» REQUIRED ACTION
For the records below, please print exactly and only the lines from the one with "Torras Ostand for" down to the one with "TS Inter Second", both ends included, omitting the pictures.

» MATERIAL FOR THIS EXERCISE
■ ■ ■
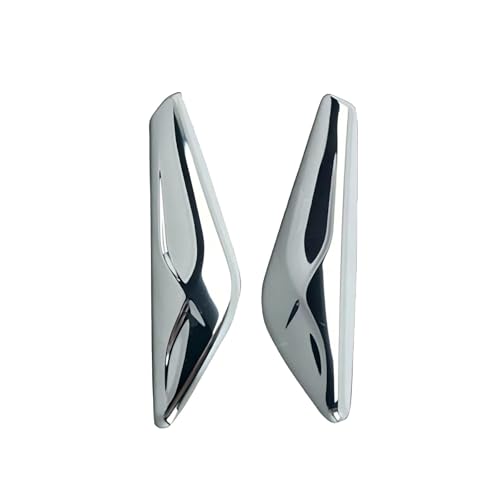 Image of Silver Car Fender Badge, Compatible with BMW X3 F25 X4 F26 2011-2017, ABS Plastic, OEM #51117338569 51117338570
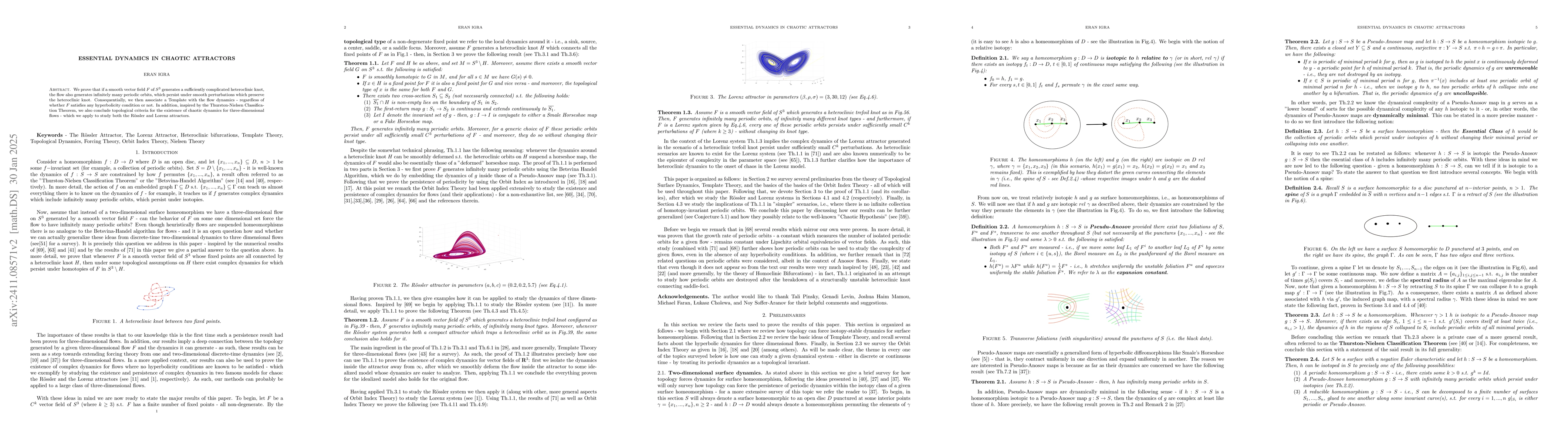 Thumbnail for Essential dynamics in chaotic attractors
■ ■ ■
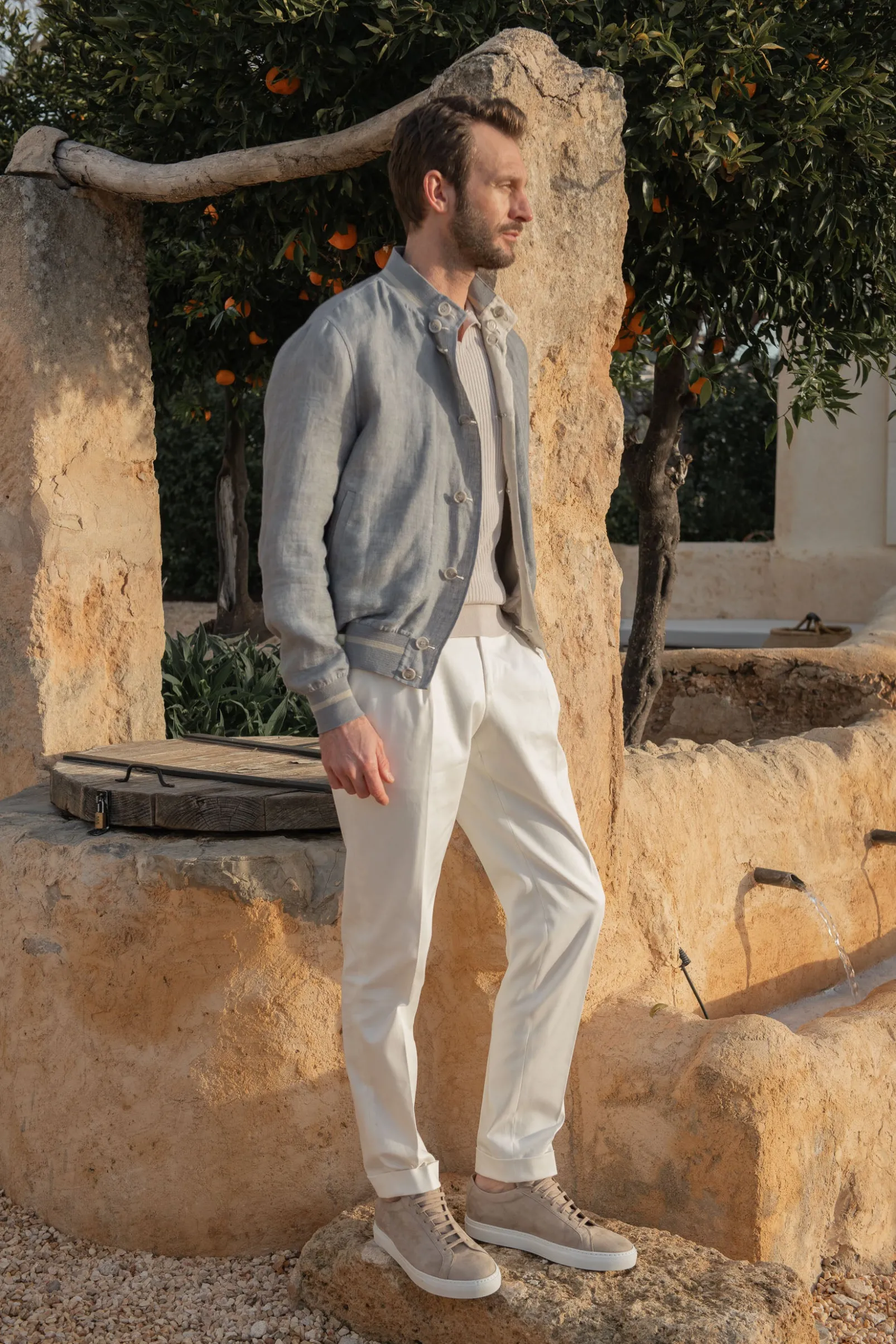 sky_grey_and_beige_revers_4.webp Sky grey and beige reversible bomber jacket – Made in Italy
■ ■ ■
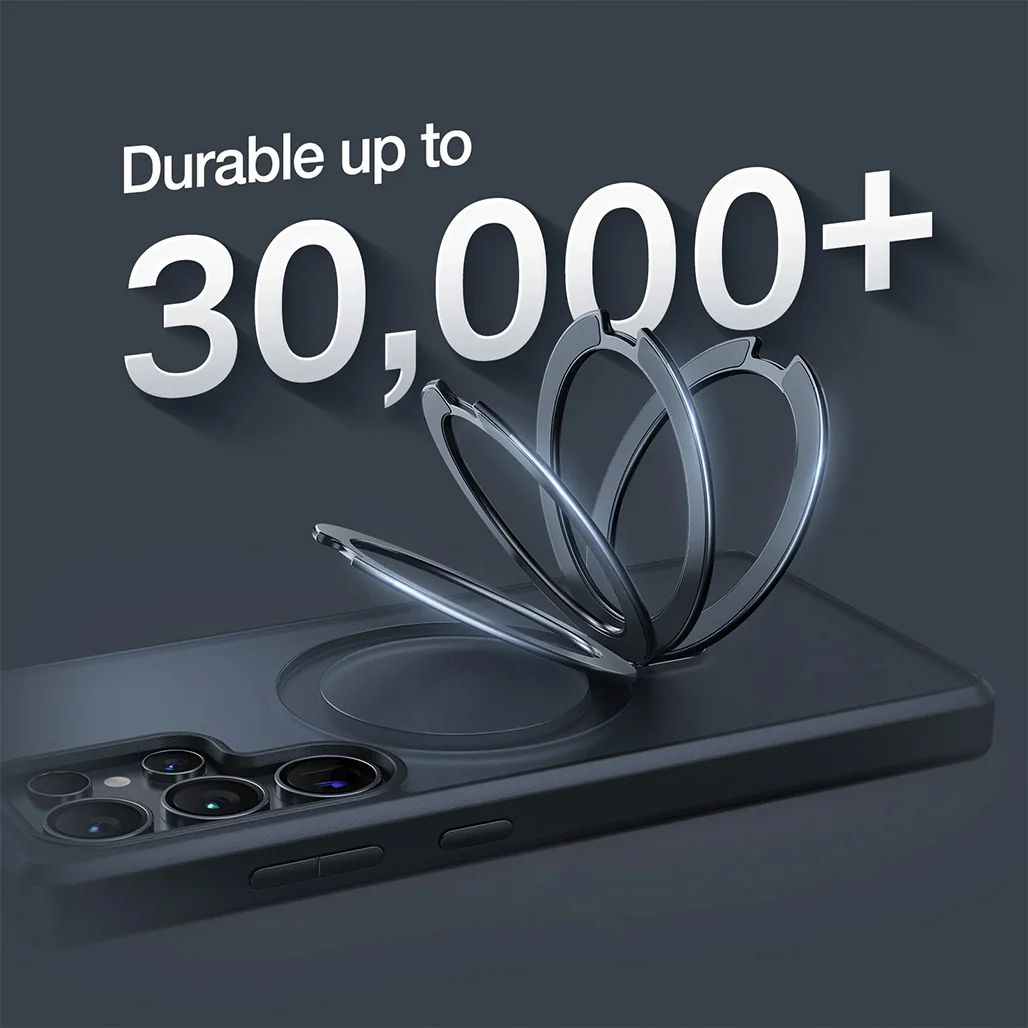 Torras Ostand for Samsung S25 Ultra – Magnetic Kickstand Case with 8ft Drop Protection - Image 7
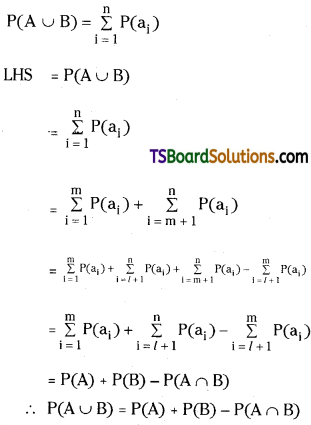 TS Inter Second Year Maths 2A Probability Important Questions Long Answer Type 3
■ ■ ■
» WRITTEN SOLUTION
 Torras Ostand for Samsung S25 Ultra – Magnetic Kickstand Case with 8ft Drop Protection - Image 7
 TS Inter Second Year Maths 2A Probability Important Questions Long Answer Type 3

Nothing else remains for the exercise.